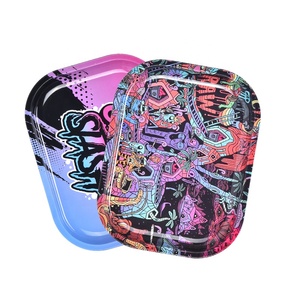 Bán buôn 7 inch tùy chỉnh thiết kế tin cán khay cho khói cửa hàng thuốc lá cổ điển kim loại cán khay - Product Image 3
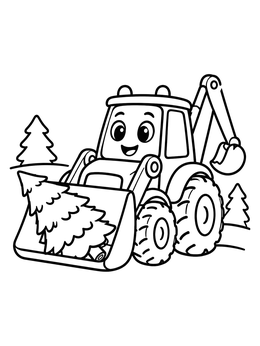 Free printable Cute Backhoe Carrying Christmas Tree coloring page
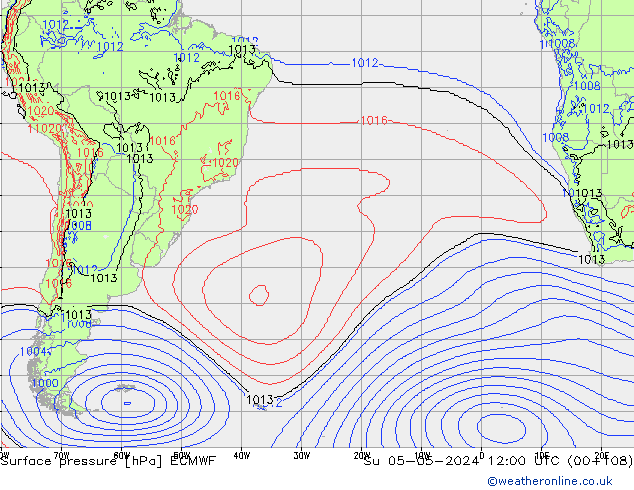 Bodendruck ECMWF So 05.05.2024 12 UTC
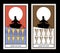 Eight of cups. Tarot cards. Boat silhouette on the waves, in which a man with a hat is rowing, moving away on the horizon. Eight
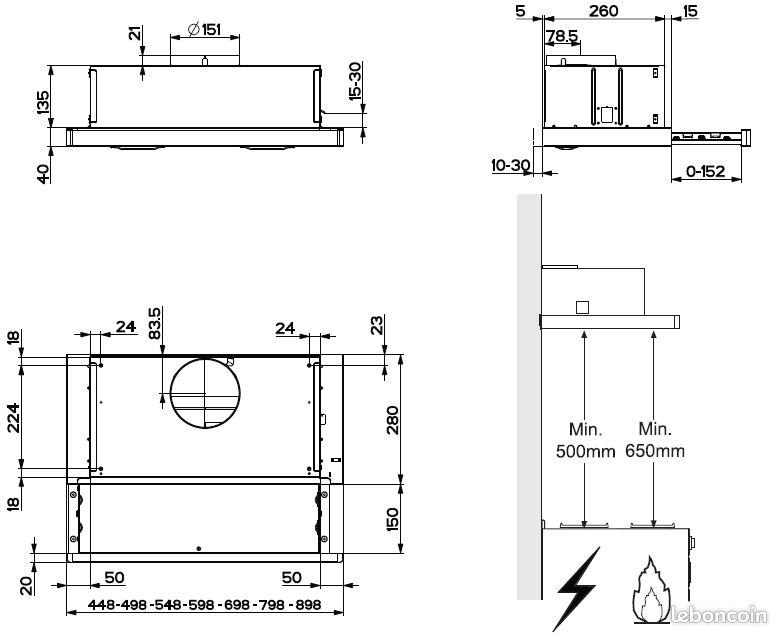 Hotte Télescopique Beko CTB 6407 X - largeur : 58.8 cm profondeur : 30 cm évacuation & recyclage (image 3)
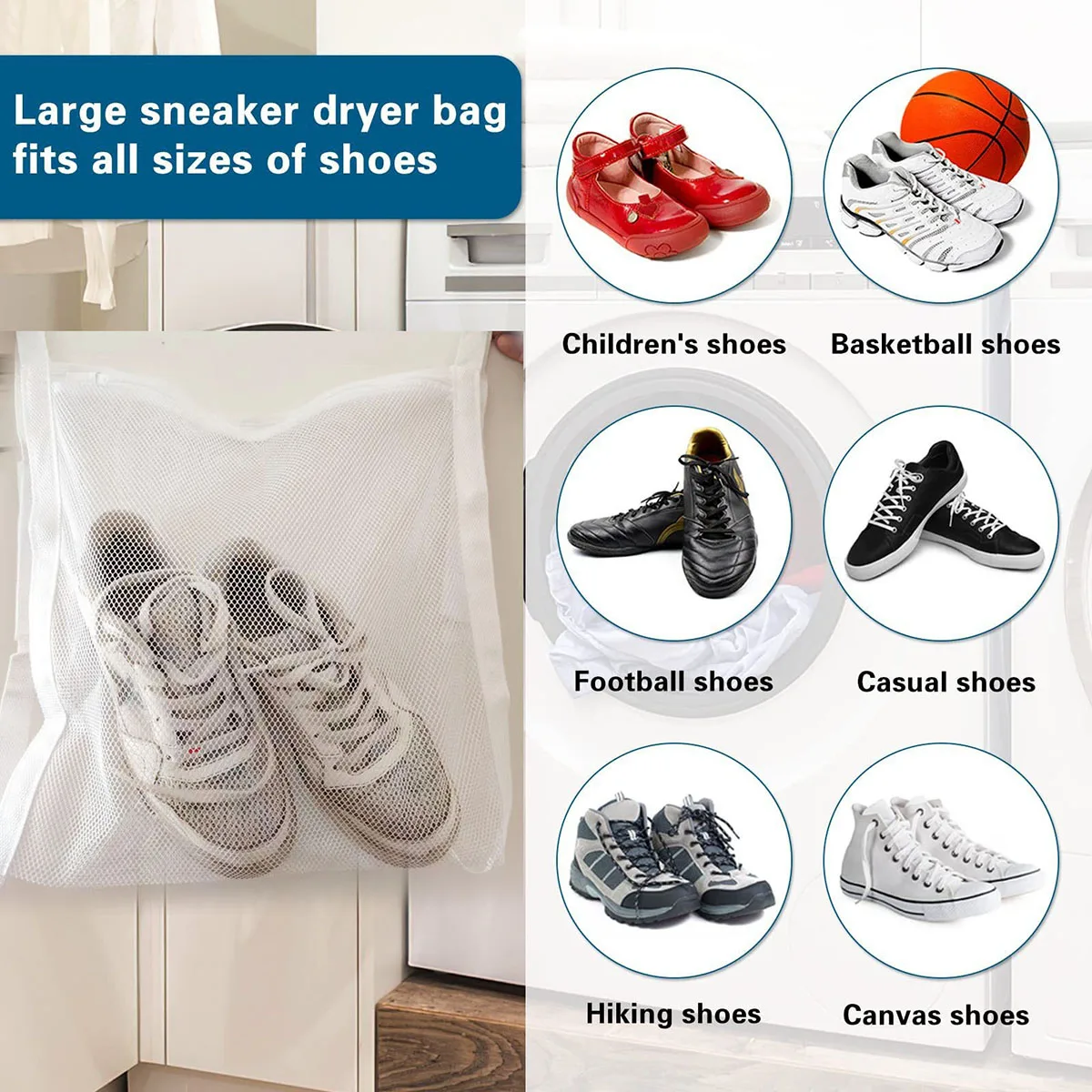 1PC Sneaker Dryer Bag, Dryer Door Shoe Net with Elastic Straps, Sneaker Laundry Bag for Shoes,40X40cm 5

---

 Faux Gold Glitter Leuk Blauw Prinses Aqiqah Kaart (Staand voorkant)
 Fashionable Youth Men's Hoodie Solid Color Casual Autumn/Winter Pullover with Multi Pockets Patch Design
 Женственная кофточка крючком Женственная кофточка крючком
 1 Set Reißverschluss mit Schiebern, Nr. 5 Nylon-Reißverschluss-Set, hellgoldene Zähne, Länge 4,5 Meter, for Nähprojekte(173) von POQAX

...

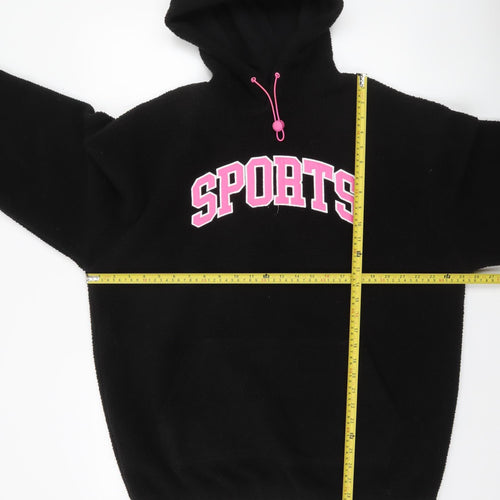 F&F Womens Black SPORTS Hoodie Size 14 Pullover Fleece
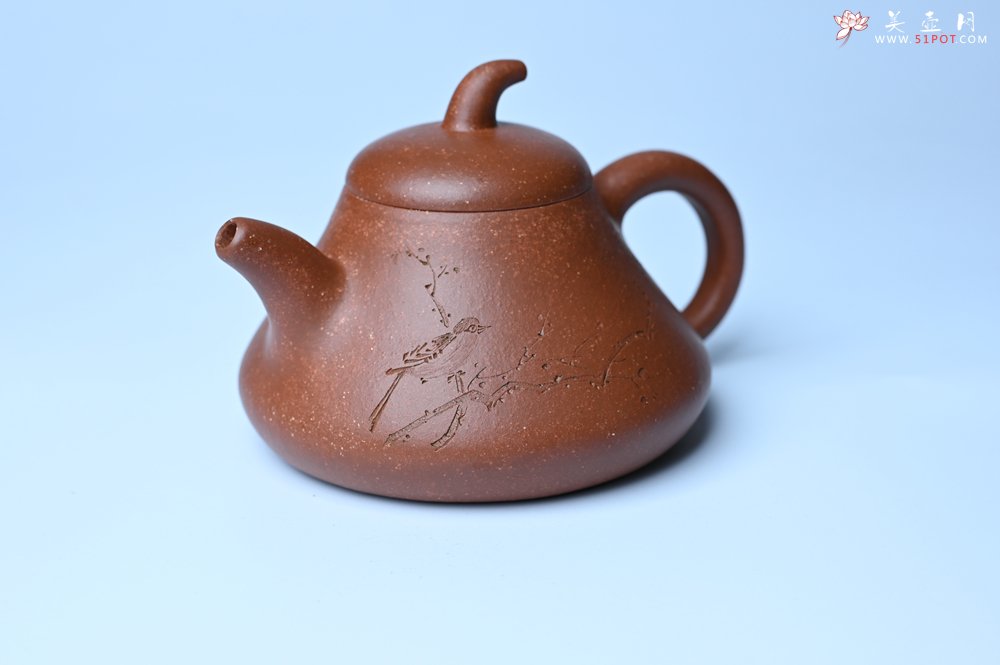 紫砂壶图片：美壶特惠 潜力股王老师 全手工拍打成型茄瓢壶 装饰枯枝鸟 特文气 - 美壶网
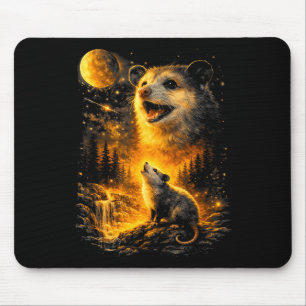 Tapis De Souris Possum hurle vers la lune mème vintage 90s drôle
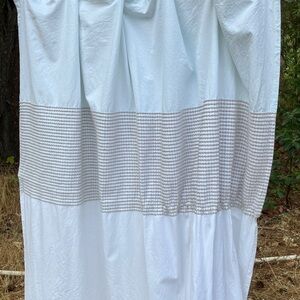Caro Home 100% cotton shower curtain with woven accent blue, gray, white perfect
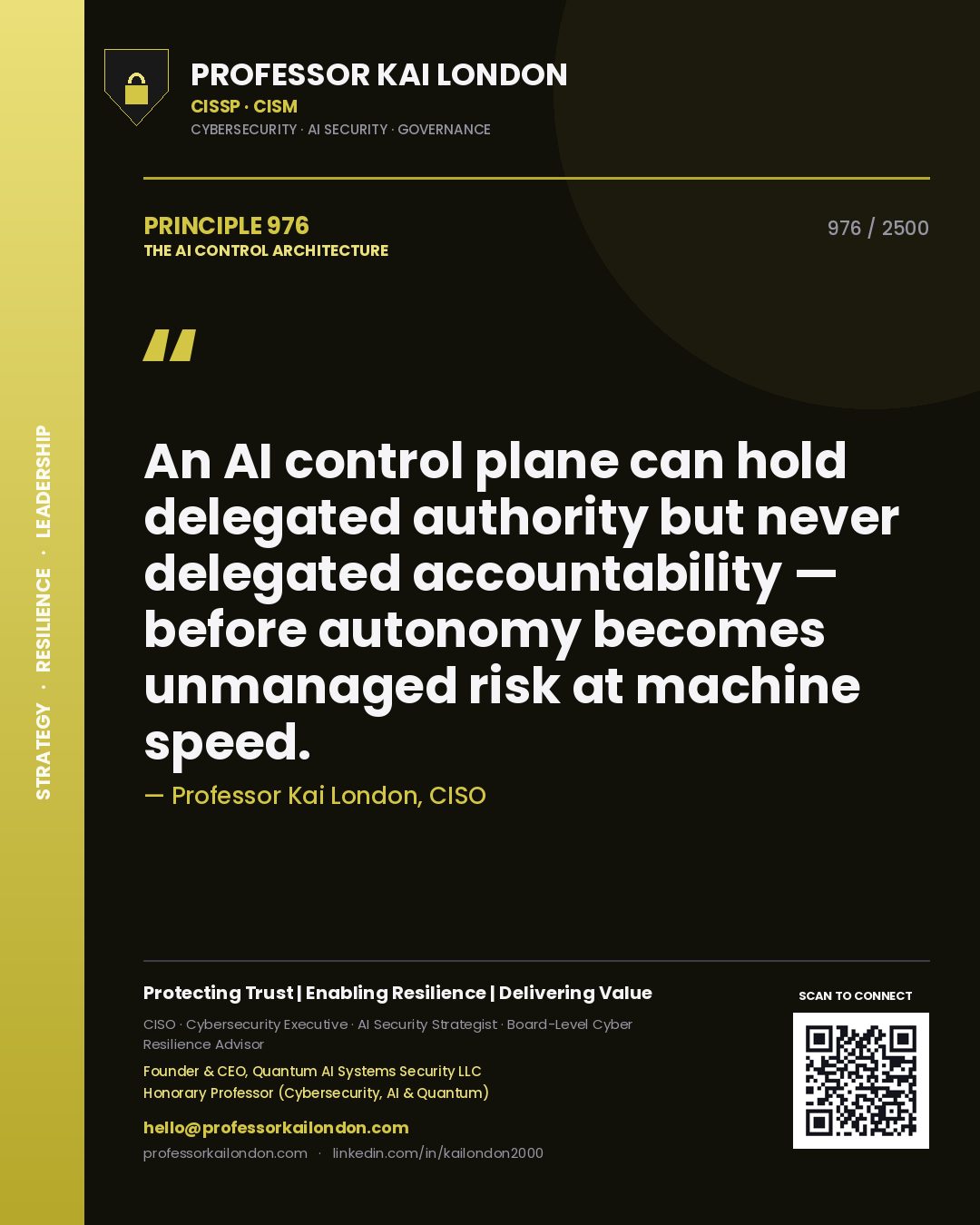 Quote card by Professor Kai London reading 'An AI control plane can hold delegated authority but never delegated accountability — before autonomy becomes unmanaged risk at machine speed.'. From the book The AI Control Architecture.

Exercise prompt: Give the lines above again exactly, from the one containing "Bán buôn 7 inch" to the one containing "Bodendruck ECMWF So 05.05.2024 12 UTC", both included, but leave out the pictures.

Expected answer:
 Bán buôn 7 inch tùy chỉnh thiết kế tin cán khay cho khói cửa hàng thuốc lá cổ điển kim loại cán khay - Product Image 3
 Free printable Cute Backhoe Carrying Christmas Tree coloring page
 Bodendruck ECMWF So 05.05.2024 12 UTC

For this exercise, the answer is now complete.